__Recorded information__.
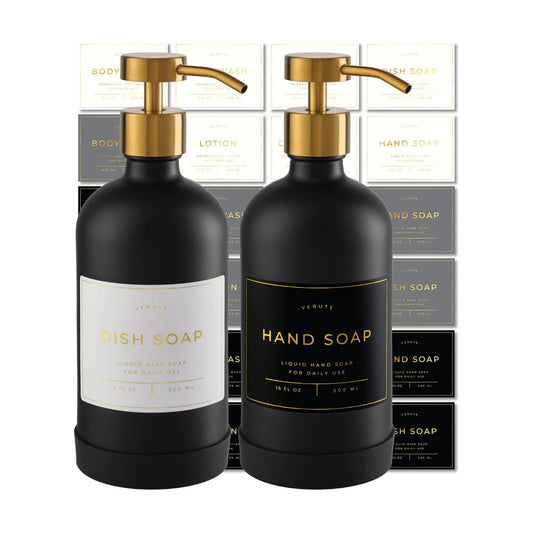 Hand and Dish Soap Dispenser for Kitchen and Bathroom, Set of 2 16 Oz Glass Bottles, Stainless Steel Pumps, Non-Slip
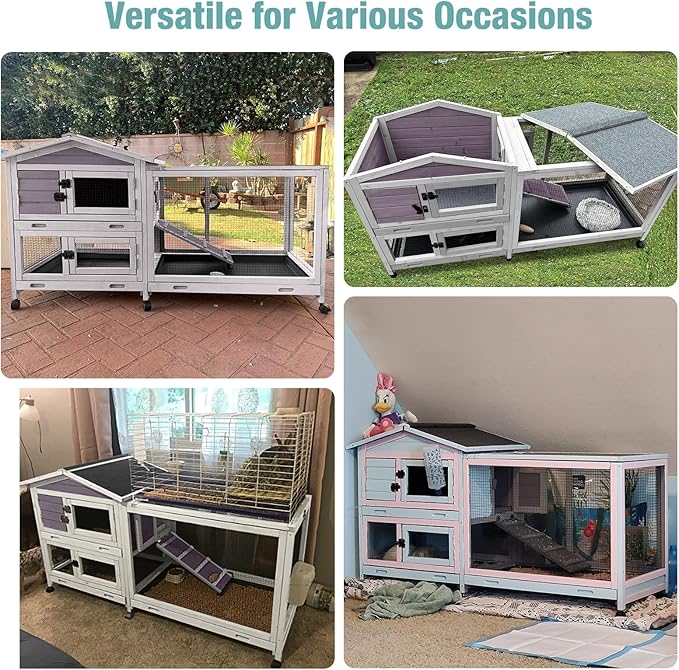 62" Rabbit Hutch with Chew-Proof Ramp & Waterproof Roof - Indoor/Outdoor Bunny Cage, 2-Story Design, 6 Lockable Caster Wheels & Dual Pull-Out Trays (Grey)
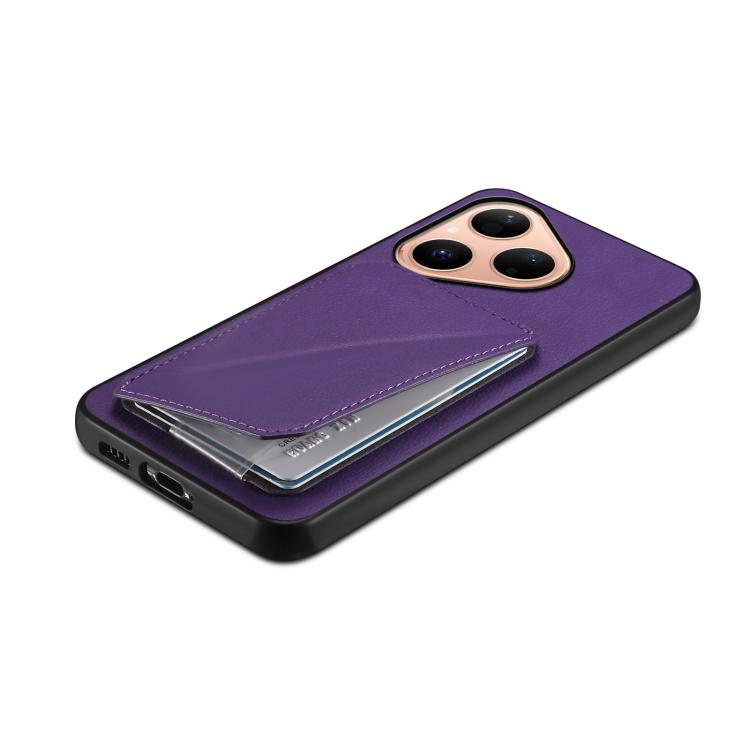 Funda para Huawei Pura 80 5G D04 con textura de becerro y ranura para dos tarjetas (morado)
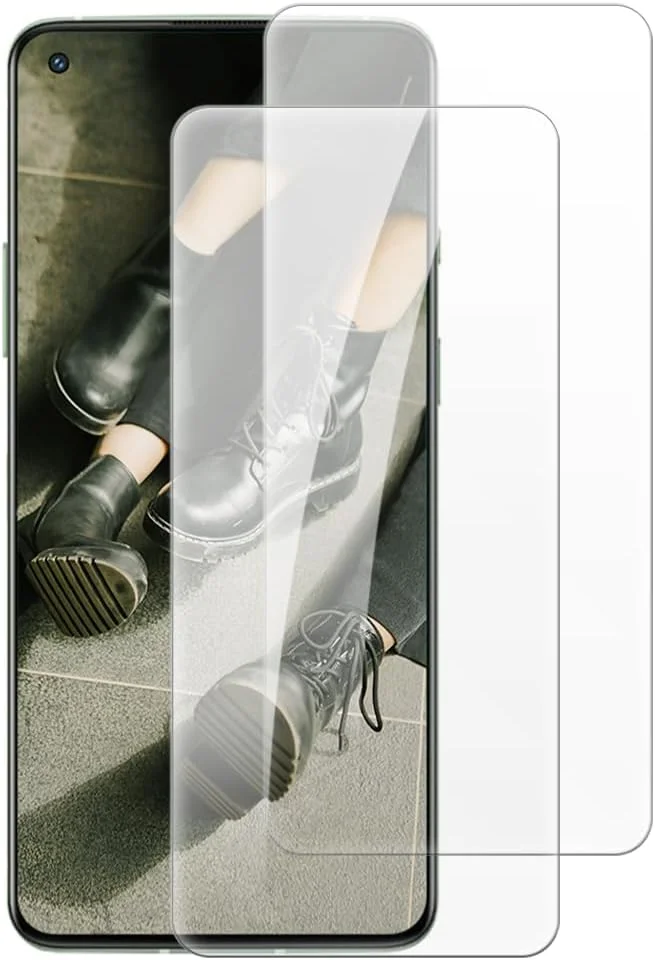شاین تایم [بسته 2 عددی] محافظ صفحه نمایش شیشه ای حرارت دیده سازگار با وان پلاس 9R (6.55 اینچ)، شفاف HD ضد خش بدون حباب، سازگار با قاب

__Task objective__.
Print exactly, and only, the lines from the one with "Funda para Huawei" through the last line of the listing above. No pictures belong in the copy.

__Response__.
 Funda para Huawei Pura 80 5G D04 con textura de becerro y ranura para dos tarjetas (morado)
شاین تایم [بسته 2 عددی] محافظ صفحه نمایش شیشه ای حرارت دیده سازگار با وان پلاس 9R (6.55 اینچ)، شفاف HD ضد خش بدون حباب، سازگار با قاب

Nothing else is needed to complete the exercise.